Zosi Pająk ze Skawinek kibicuje mnóstwo mieszkańców powiatu wadowickiego i nie tylko, podobnie jak Oliwierkowi Komanowi z Wadowic. To dwójka małych dzieci, dla których udało się uzbierać po 10 mln zł na leczenie rdzeniowego zaniku mięśni (SMA). Jak już pisaliśmy, Oliwierek po podaniu leku czuje się dobrze i wrócił już do domu. Zosia terapię przeszła później, niespełna tydzień temu i wciąż jeszcze przebywa w szpitalu.
Przyjęcie Zolgensma, zwanego najdroższym lekiem świata, wiąże się z ryzykiem wystąpienia różnych działań niepożądanych. Przede wszystkim, specyfik ten wykazuje działanie toksyczne na wątrobę. Im wyższa dawka, tym większe uszkodzenie tego ważnego organu może spowodować. A jej wielkość zależy od masy ciała pacjenta. Dlatego lek podaje się dzieciom, które nie przekroczyły jeszcze wagi 13,5 kg, bowiem wówczas jego przyjęcie jest jeszcze bezpieczne.

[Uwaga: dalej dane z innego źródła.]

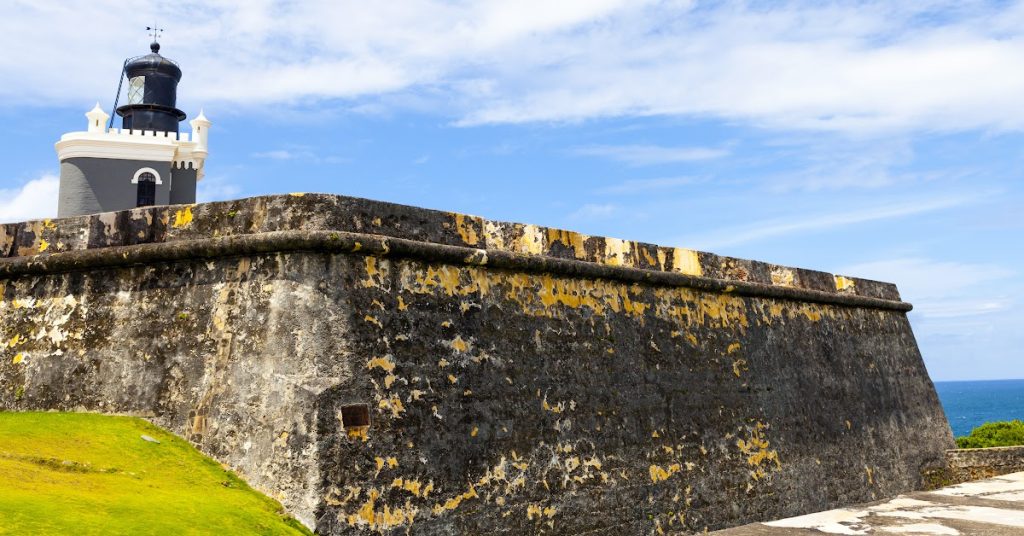 Lighthouse on historic stone fortress with blue sky and ocean background.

Masa ciała Zosi nie osiągnęła tego limitu, więc terapia genowa nie powinna jej zaszkodzić. Niemniej po jej wdrożeniu dziewczynka zmagała się z nieprzyjemnymi objawami. Miała podwyższoną temperaturę i wymiotowała. - Ale to normalna kolej rzeczy po przyjęciu Zolgensma – uspokaja rodzina dziewczynki. - Teraz to już minęło, a wyniki badań wychodzą prawidłowo.

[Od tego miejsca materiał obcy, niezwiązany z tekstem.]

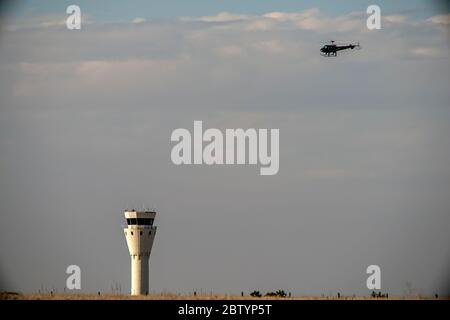 Distant copter in cloudy sky. Copy space Stock Photo - Alamy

Warto dodać, że w przyszłym tygodniu Zosia będzie obchodziła pierwsze urodziny. Dziewczynka przyszła na świat 4 maja 2022 roku. Jeszcze niedawno jej bliscy w najśmielszych snach nie przypuszczali, że Zosia przejdzie ratującą jej życie terapię zanim skończy roczek. Wciąż brakowało im milionów złotych na lek Zolgensma. Dzięki tysiącom ludzi o wielkich sercach, udało się w porę zakończyć rozpaczliwy wyścig z czasem.